Lei che da anni accompagna in particolare i ragazzi di seconda generazione nel loro percorso di crescita e ricerca di identità. Per cosa passa realmente l’integrazione?
«Passa attraverso moltissime cose: alcune negoziabili e altre no. Una ragazza che non vuole andare a nuotare con i suoi compagni maschi è comprensibile. L’importante è che faccia ginnastica, se poi la vuol fare correndo in tuta sarà una scelta sua. Un’altra è la mutilazione genitale che è un menomazione, un reato che non potrà mai essere autorizzato».
Quei ragazzi avrebbero dovuto stringere la mano?
«Non credo si possa obbligare nessuno a fare niente. Se stringere la mano a fine lezione nella cultura svizzera è un gesto di ringraziamento basta che questi ragazzi si mettano una mano sul petto e facciano un inchino. Non verrà tradita l’intenzione. Se poi, nel tempo, visto il contesto in cui vivono, scopriranno che quel gesto ha un significato diverso che può essere praticato questo è un altro discorso. Ben venga che maturino questo pensiero».
E a chi teme che questo atteggiamento tradisca una mentalità che non li porterà mai a smarcarsi dalle proprie origini cosa risponde?

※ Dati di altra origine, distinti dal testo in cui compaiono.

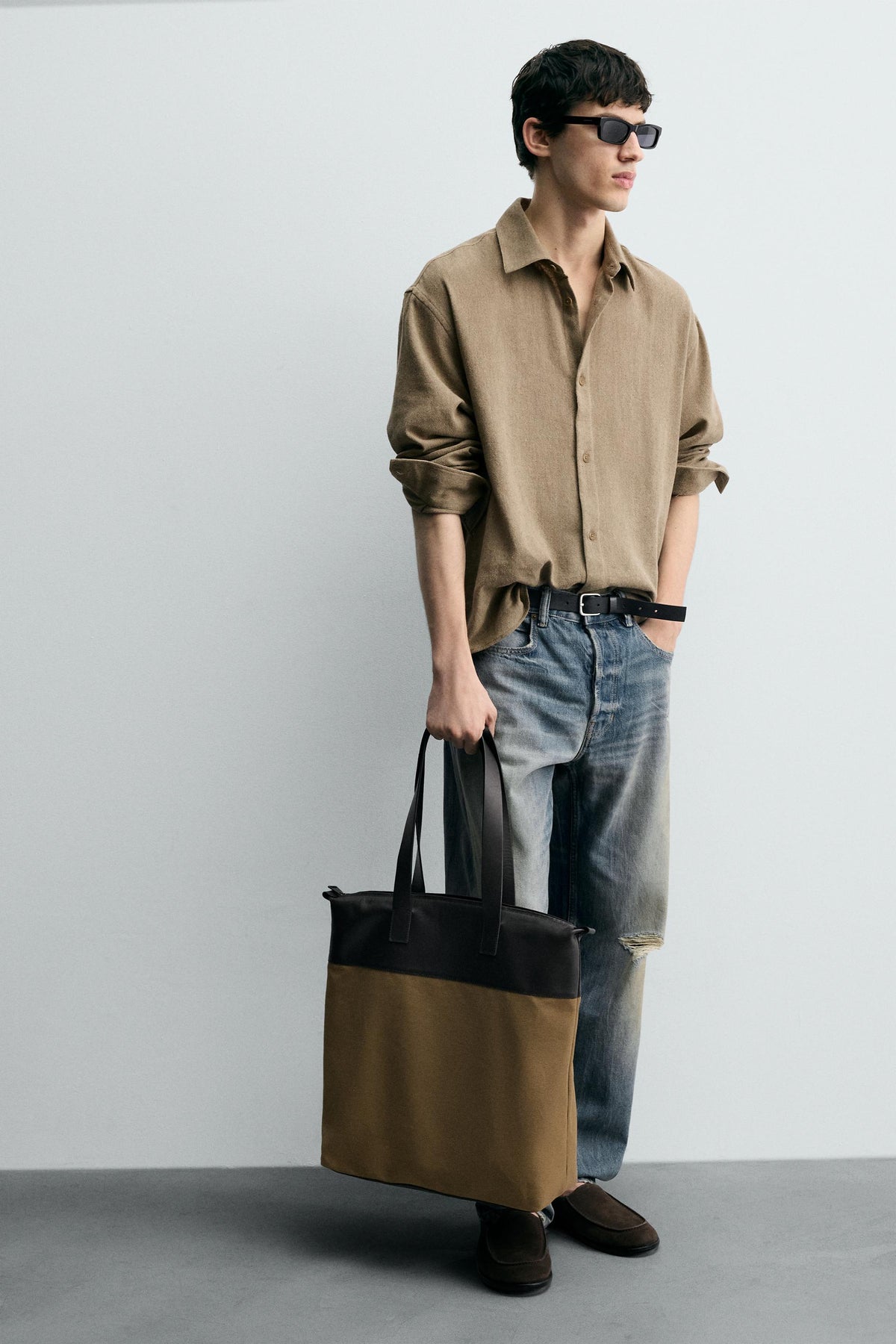 SHOPPER BAG WITH LEATHER DETAILS - Image 1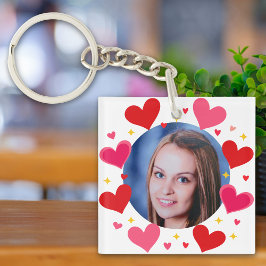 Rote Rosa Liebesherzen Benutzerdefiniertes Foto Pe Schlüsselanhänger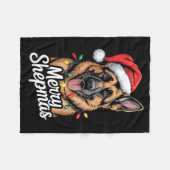 Merry Shepmas German Shepherd Christmas Lights Hum Fleecedecke (Vorderseite (Horizontal))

«Che è una lettura un po’ superficiale; questi ragazzi vanno a scuola, parlano tedesco, studiano materie che non avrebbero mai studiato nel paese di origine; quindi molte cose le condividono e apprezzano. Non è giusto abbandonare completamente la propria cultura di origine. Naturalizzazione sì, io non parlerei nemmeno di integrazione, piuttosto di interazione. Non ci si deve chiudere nel ghetto e non avere contatti. Se, invece, alcune cose le si accetta e altre le si sospende, beh questo è normale. È un processo che richiede tempo e strumenti e non può essere omologato. Ma, soprattutto, non può essere normato. Questo regolare per legge tutto compresa la maturazione di una persona mi sembra una regressione. È un modo di disumanizzare le relazioni che sono sempre calate in un contesto particolare».